We are putting a new kitchen in a home we just purchased. We are really tossed between the Wolf  gas range with the griddle in the center (gotta love those red knobs!) OR the 36 inch Miele induction cooktop. Super sleek looking. But which is better? We would have to install gas lines for the Wolf, a small added expense, but not a big deal.

We have never cooked on induction before but hear that its great. Opinions? Suggestions?

Thanks!


----------



## carvingtool (Jan 18, 2011)

I have a private chef friend who just put in a 30" Viking induction range in his kitchen remodel (the building he is in doesn't have gas, so he had to go with some form of electric). I've cooked on it once briefly with him. He's told me so far he likes it, but it has some draw backs; the burners are smaller than some of his pans (some 12" +/- skillets - some of which are ScanPan CTX) and if he's making a ragu/ratatouille, the simmering will not extend to the entire perimeter of the pan - the simmering will be confined to the area of the burner. Induction doesn't heat like a gas burner, so the heat in the pan is confined to the area of the element rather than radiating out to the entire area. The temperature control range is not consistent - low is very low and high is high, but in between the dial settings are not what you'd normally think of as incremental. Not a big deal really but something he's had to adjust to.
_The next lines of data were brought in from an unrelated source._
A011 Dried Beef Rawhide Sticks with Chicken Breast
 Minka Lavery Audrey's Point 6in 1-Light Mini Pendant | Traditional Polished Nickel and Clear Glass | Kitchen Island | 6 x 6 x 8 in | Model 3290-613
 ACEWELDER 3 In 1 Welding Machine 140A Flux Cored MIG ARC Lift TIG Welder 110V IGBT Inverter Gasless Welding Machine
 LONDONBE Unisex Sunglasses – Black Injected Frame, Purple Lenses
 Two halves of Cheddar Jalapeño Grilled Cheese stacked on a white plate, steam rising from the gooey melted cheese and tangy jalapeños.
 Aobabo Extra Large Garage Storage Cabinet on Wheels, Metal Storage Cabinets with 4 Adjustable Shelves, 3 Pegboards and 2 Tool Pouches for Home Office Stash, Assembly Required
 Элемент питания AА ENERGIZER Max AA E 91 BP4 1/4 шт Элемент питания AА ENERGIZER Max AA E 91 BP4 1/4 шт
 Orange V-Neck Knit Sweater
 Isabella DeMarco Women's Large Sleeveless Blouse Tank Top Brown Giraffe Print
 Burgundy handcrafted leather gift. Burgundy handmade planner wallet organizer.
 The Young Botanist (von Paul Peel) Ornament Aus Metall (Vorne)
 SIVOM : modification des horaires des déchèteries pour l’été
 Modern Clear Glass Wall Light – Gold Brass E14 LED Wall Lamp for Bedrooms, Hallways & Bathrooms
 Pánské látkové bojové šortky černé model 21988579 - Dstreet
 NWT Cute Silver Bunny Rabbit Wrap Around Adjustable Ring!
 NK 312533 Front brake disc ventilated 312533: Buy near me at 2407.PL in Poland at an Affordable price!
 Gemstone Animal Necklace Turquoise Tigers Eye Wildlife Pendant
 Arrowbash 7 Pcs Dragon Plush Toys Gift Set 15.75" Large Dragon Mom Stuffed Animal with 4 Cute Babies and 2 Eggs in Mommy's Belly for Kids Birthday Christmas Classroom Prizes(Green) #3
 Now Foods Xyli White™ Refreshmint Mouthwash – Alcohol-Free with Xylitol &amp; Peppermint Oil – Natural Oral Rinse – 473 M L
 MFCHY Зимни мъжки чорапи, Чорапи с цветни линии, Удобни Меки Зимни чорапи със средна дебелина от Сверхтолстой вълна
On the plus side, you turn it off and take off the pan and the surface isn't hot. The surface is all one plane of smooth glass, so clean-up is a breeze compared to taking off the grates and cleaning around gas burners.

Overall he likes it, but I think if he had a choice, he'd have gone w/ gas. Me personally, I haven't had much time with them, and I'd prolly go with gas too unless I had some revelatory experience.


----------



## phatch (Mar 29, 2002)

If you have a good pan, the heat will radiate through the pan pretty well. Cast iron doesn't do this well on induction, but various clad and disc bottomed pots have worked wonderfully for me. As with any electric system you do have to do some matching to the size of the burner, but if you're reasonably close, it's fine. And that's true for gas too, but it tends to spread more than any other heating system.

A lot of it depends on how much you're willing to spend. There are induction systems that sense the size of your pan and match it. But that costs extra.

It can be very gas like in heating power and response to turning heat up or down. You also often have the option to set temperatures and the burner will hold it. It can be some really cool technology and a marvelous cooktop.

But its quite expensive to get all the nifty features. theinductionsite.com has plenty of worthwhile information.


----------